### [Directions]
Omit all pictures. Quote the lines from the one with "鹈鹕队致敬阿尔瓦拉多感谢你为新奥尔良创造的传奇时刻" through the end of the listing below, exactly as they appear.

### [Dataset extract]
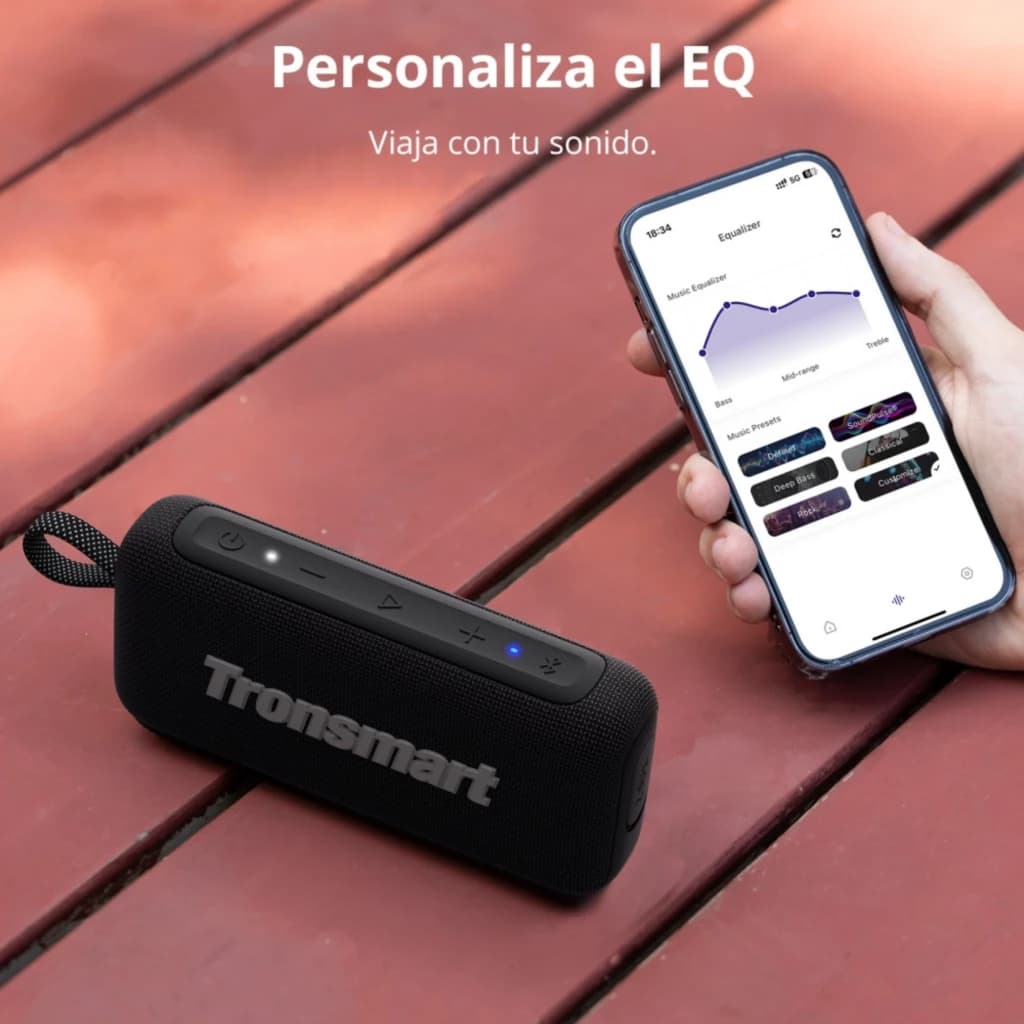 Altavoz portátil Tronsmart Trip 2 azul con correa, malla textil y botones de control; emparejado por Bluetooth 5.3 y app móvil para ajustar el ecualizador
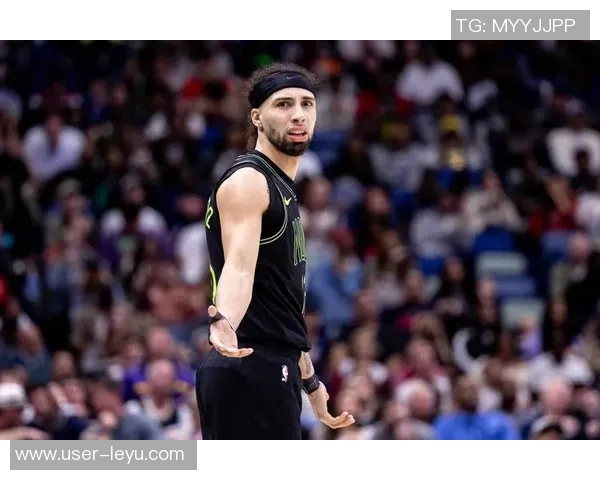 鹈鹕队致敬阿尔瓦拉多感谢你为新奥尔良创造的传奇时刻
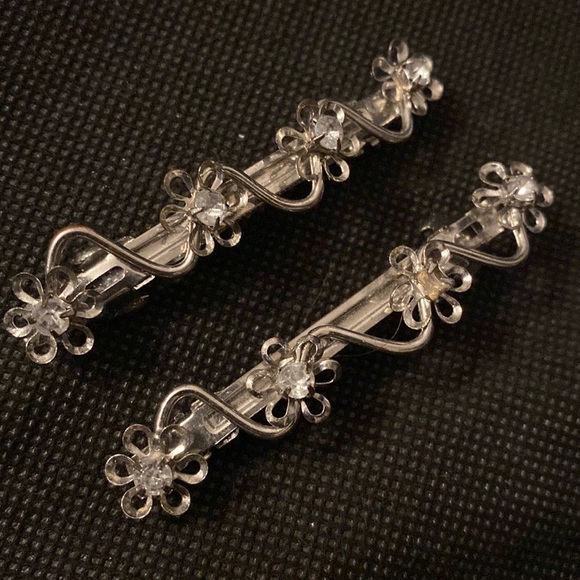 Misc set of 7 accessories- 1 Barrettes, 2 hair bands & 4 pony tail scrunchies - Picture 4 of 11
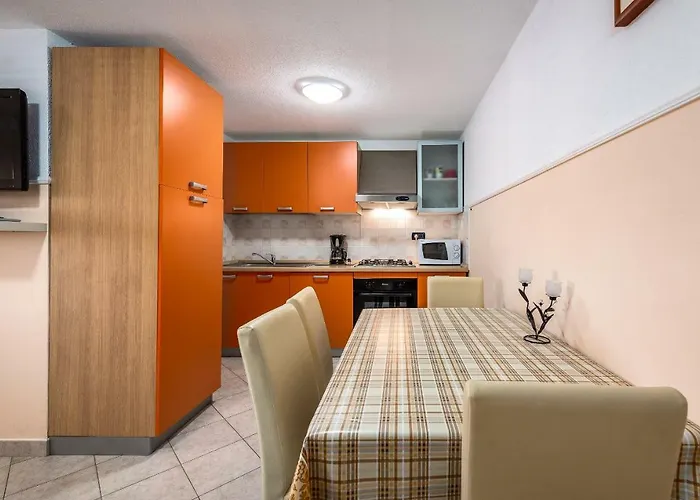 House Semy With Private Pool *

### [Reply to the exercise]
 鹈鹕队致敬阿尔瓦拉多感谢你为新奥尔良创造的传奇时刻
 Misc set of 7 accessories- 1 Barrettes, 2 hair bands & 4 pony tail scrunchies - Picture 4 of 11
 House Semy With Private Pool *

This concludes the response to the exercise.